▸ **WHAT YOU SHOULD DO**: After locating the line with "Conectores Rápidos Neumáticos", repeat it and every following line to the end of the listing, exactly. Omit the pictures.

▸ **MATERIAL PROVIDED**:
:::
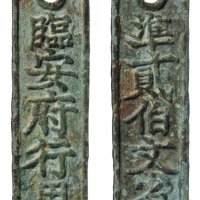  南宋临安府钱牌准二百文省 华夏 古 XF80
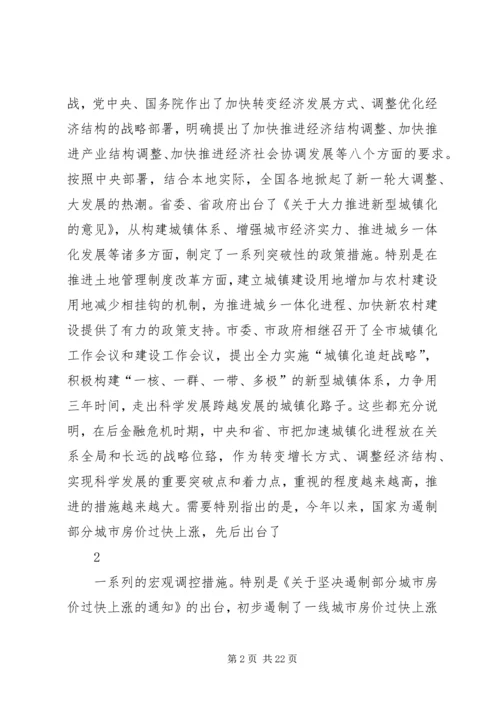 县委书记在全县城乡建设动员大会上的讲话.docx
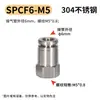 Conectores Rápidos Neumáticos de Acero Inoxidable JNC 304 Metal Manguera de Aire de Alta Presión Rosca Rápida Recto PC/PL/PCF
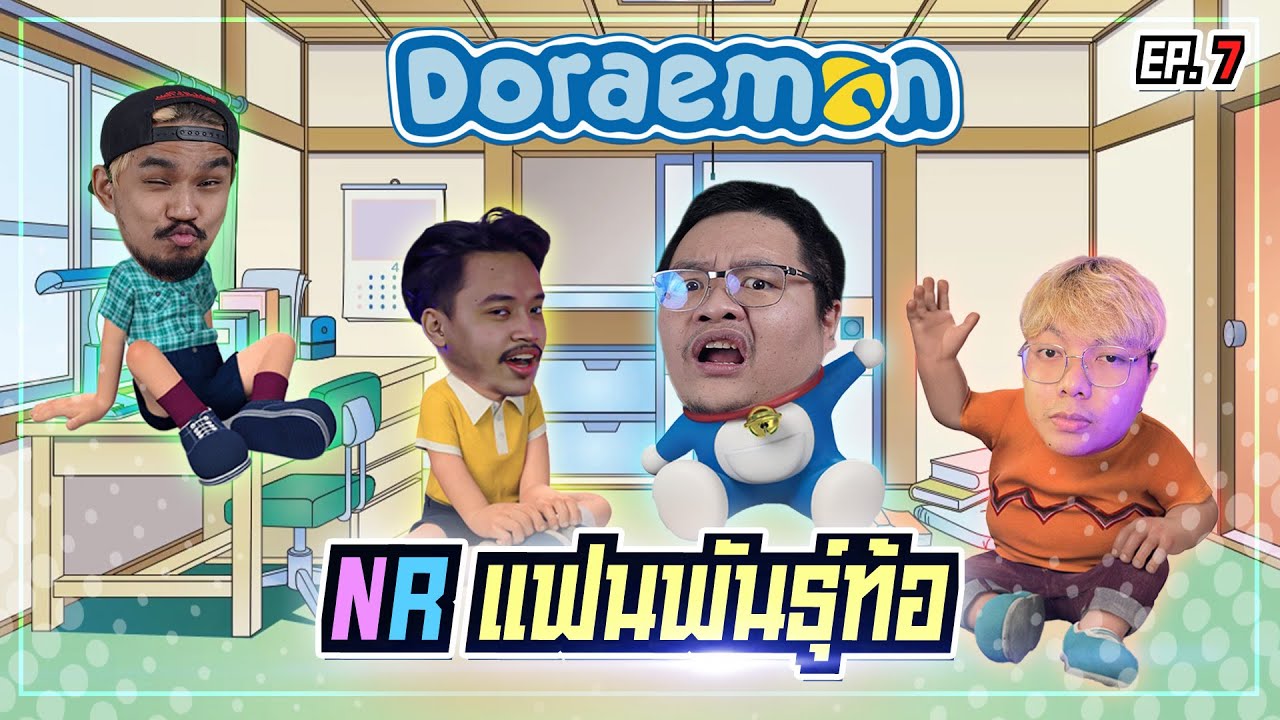 ศึกชิงตำแหน่งสุดยอดแฟน โดราเอมอน  “ในNR” [แฟนพันธุ์ท้อ EP7]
:::
▸ **TASK RESPONSE**:
 Conectores Rápidos Neumáticos de Acero Inoxidable JNC 304 Metal Manguera de Aire de Alta Presión Rosca Rápida Recto PC/PL/PCF
 ศึกชิงตำแหน่งสุดยอดแฟน โดราเอมอน  “ในNR” [แฟนพันธุ์ท้อ EP7]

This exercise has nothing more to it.